[UPDATE Jan, 2009: The description below is our original conception of ArduPilot Pro. However, we were able to achieve all of these features with the basic ArduPilot, so we are now reconsidering what additional features to add to a future dual-core ArduPilot. Things we are considering include SD-card datalogging and on-screen displays for first-person view flying. In the meantime, the below is provided as a reference platform for a dual-core Arduino-compatible autopilot, but should not be viewed as a forthcoming product as described here.]

ArduPilot Pro is a low-cost, full-function autopilot based on the open source Arduino platform. It incorporates two Atmega 168 processors (for navigation and stabilization) and one ATTiny45 processor (for the failsafe) onto one board, along with a GPS module. It has all the functionality of the basic ArduPilot, but includes its own thermopile sensors and processing so it does not require a third-party stabilization unit.

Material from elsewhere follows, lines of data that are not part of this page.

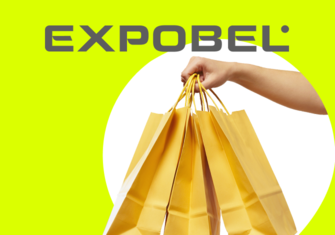 ТЦ EXPOBEL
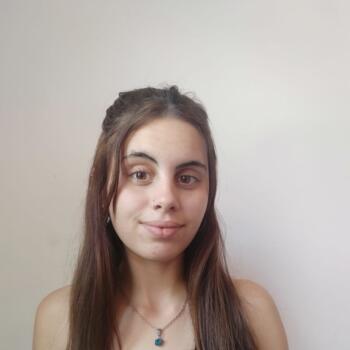 Babysitter in Bella Vista (Provincia de Buenos Aires): Abril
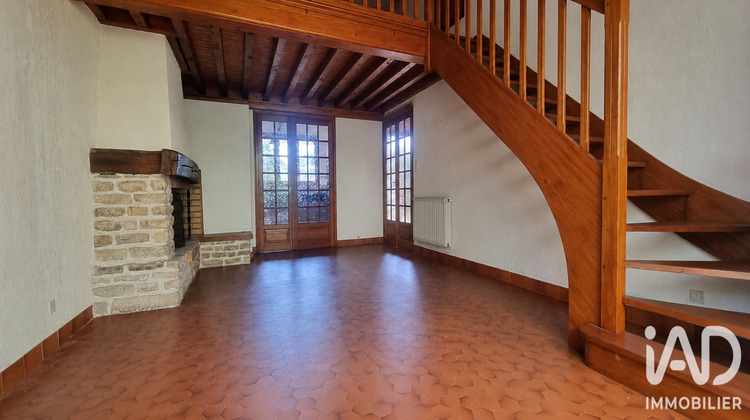 Ma-Cabane - Vente Maison Mâcon, 134 m²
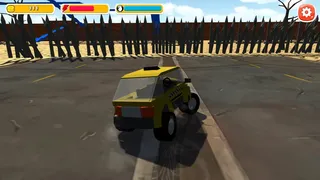 Скриншот 6 к игре Coins Collector Simulator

The thermopile sensors are on two daughterboards, one with four sensors for X-Y axis stabilization, and the other with two sensors along the z axis for calibration and upright/inverted orientation. These are modeled after the open source Paparazzi sensors.

ArduPilot Pro will eventually be available as a commercial kit. At the moment it is a development project with the aim of going into beta in mid-2009.

Basics:
  • If you want to build your own, the necessary files and component lists are here.
  • Autopilot code (for the board's two main processors, Atmega168s) is in development and will be posted here.
  • Latest multiplexer code (for the board's third processor, an Attiny, which runs the failsafe system) is here. (If all you want is to load our code, rather than modify it, just use AVR Studio to burn the antifail_system.hex file in the Default folder to the Attiny chip)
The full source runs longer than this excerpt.